Back in the ’20s, things were really tough. The wages were 12-1/2 cents per hour – top wages were 25 cents an hour at the Oyster Shell Plant in Berwick.
This was a life-saver by the two Ackerman brothers from New York. In those days, you worked 12 hours a day, 7 days a week. I can still hear Norman and Breaux’s sawmill every morning at 4 o’clock blowing the whistle. An elderly worker, Pete Frederick, was one of the machinists at Norman and Breaux.
I asked him one day, “Mr. Pete, what is the color of your house?” He said, “Mr. Guzzetta, I couldn’t tell you – when I leave in the morning, it is dark; when I come home at night, it is still dark.
Did you know that Mr. McCleary, of McCleary’s Funeral Home, had a very embarrassing thing happen to him while attending the LSU-Notre Dame game in South Bend, Ind., at Notre Dame Stadium? He was sitting directly in front of me with a priest from Morgan City.
The game was very noisy and quite exciting. People were jumping up, yelling, and screaming very loudly every time their team made a play. All of a sudden, Mr. McCleary got so excited over the game that he jumped up and as he did his pants fell down around his ankles.
But was he embarrassed? No – he turned around pulling up his pants; then turned to ask me if I wanted a drink.
How many of you readers have ever eaten a Maypop? A friend of mine, Robert Lodrique, gave me one recently. I hadn’t eaten a Maypop since I was a kid in the early ’20s.

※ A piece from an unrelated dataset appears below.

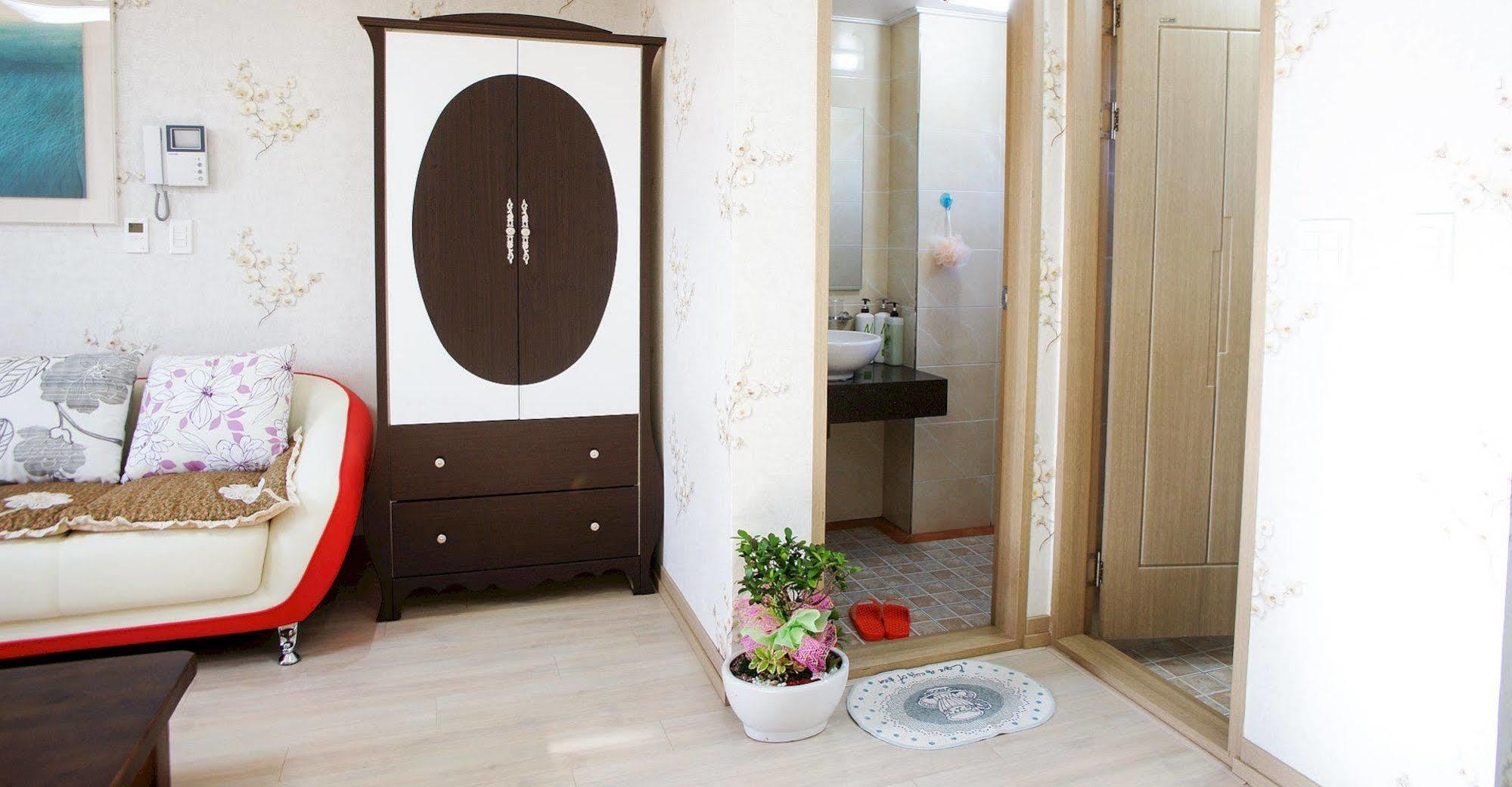 Lapaloma Pension Jeju Exterior photo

It has a very pleasant taste – something between a banana and apricot.
There used to be many, many Maypops growing all along the sides of the highways and railroad tracks, until they killed them all with chemical spraying for eradication of grass and weeds. However, they are a very pleasant tasting fruit. Try one sometimes.
Do you remember Cutty Hanson, a boyhood friend of mine who was really a character? We all belonged to a club that we had in the early ’20s. Cutty Hanson wanted a position that would make him feel important so we elected him Treasurer of the T.K. Club. All went well for a while, and then we asked him for an estimate of the money we had.

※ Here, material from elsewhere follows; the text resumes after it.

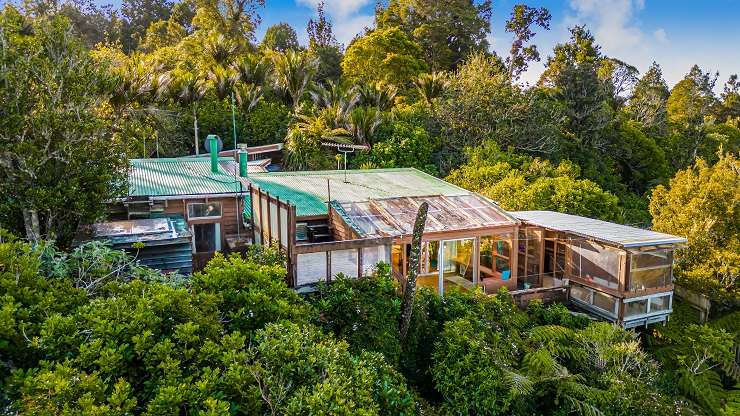 216 Scenic Drive, Titirangi, Auckland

Do you remember the truck driver on the “Blue Belle” Ice Cream commercial when his boss looked in the truck and discovered no ice cream? He asked the driver, “Where’s the ice cream?” The driver answered, “Oh, I ate it!” Well, Cutty Hanson said almost the same thing – he said, “Oh, I spent it!”
Remember the lovers of yesteryear in the ’20s – Rose Hadda and Mannas Leopold; Bumpy Joey Aucoin and Mamy Oliver: Louis Mahfouz and Mary Guillory; Laurie Toups and Ruby Broussard; Sidney Bella and Carrie Breal; Willie Landry and Margie Saunders; Marie Thorguson and Carol Rybisky; Sabra Watkins and Caesar Thorguson; Baby Guzzetta and Ruby Rock; Joe Davis and Lena Adams, Nick Russo and Lilly Joseph.